TulipaClustering.split_into_periods!
— Methodsplit_into_periods!(df; period_duration=nothing)
Modifies a dataframe df
by separating the column time_step
into periods of length period_duration
. The new data is written into two columns:
period
: the period ID;time_step
: the time step within the current period.
If period_duration
is nothing
, then all of the time steps are within the same period with index 1.
Examples
julia> df = DataFrame([:time_step => 1:4, :value => 5:8])
4×2 DataFrame
Row │ time_step value
│ Int64 Int64
─────┼──────────────────
1 │ 1 5
2 │ 2 6
3 │ 3 7
4 │ 4 8
julia> TulipaClustering.split_into_periods!(df; period_duration=2)
4×3 DataFrame
Row │ period time_step value
│ Int64 Int64 Int64
─────┼──────────────────────────
1 │ 1 1 5
2 │ 1 2 6
3 │ 2 1 7
4 │ 2 2 8
julia> df = DataFrame([:period => [1, 1, 2], :time_step => [1, 2, 1], :value => 1:3])
3×3 DataFrame
Row │ period time_step value
│ Int64 Int64 Int64
─────┼──────────────────────────
1 │ 1 1 1
2 │ 1 2 2
3 │ 2 1 3
julia> TulipaClustering.split_into_periods!(df; period_duration=1)
3×3 DataFrame
Row │ period time_step value
│ Int64 Int64 Int64
─────┼──────────────────────────
1 │ 1 1 1
2 │ 2 1 2
3 │ 3 1 3
julia> TulipaClustering.split_into_periods!(df)
3×3 DataFrame
Row │ period time_step value
│ Int64 Int64 Int64
─────┼──────────────────────────
1 │ 1 1 1
2 │ 1 2 2
3 │ 1 3 3
TulipaClustering.validate_df_and_find_key_columns
— Methodvalidate_df_and_find_key_columns(df)
Checks that dataframe df
contains the necessary columns and returns a list of columns that act as keys (i.e., unique data identifiers within different periods).
Examples
julia> df = DataFrame([:period => [1, 1, 2], :time_step => [1, 2, 1], :a .=> "a", :value => 1:3])
3×4 DataFrame
Row │ period time_step a value
│ Int64 Int64 String Int64
─────┼──────────────────────────────────
1 │ 1 1 a 1
2 │ 1 2 a 2
3 │ 2 1 a 3
julia> TulipaClustering.validate_df_and_find_key_columns(df)
2-element Vector{Symbol}:
:time_step
:a
julia> df = DataFrame([:value => 1])
1×1 DataFrame
Row │ value
│ Int64
─────┼───────
1 │ 1
julia> TulipaClustering.validate_df_and_find_key_columns(df)

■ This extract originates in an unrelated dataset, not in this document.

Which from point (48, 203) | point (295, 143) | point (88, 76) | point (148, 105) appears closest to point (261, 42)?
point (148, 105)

ERROR: DomainError with 1×1 DataFrame
Row │ value
│ Int64
─────┼───────
1 │ 1:
DataFrame must contain columns `time_step` and `value`
TulipaClustering.weight_matrix_to_df
— Methodweightmatrixto_df(weights)
Converts a weight matrix from a (sparse) matrix, which is more convenient for internal computations, to a dataframe, which is better for saving into a file. Zero weights are dropped to avoid cluttering the dataframe.
TulipaClustering.write_clustering_result_to_csv_folder
— Methodwrite_clustering_result_to_csv_folder(output_folder, clustering_result)
Writes a TulipaClustering.ClusteringResult
to CSV files in the output_folder
.
TulipaClustering.write_csv_with_prefixes
— Methodwrite_csv_with_prefixes(file_path, df; prefixes)
Writes the dataframe df
into a csv file at file_path
. If prefixes
are provided, they are written above the column names. For example, these prefixes can contain metadata describing the columns.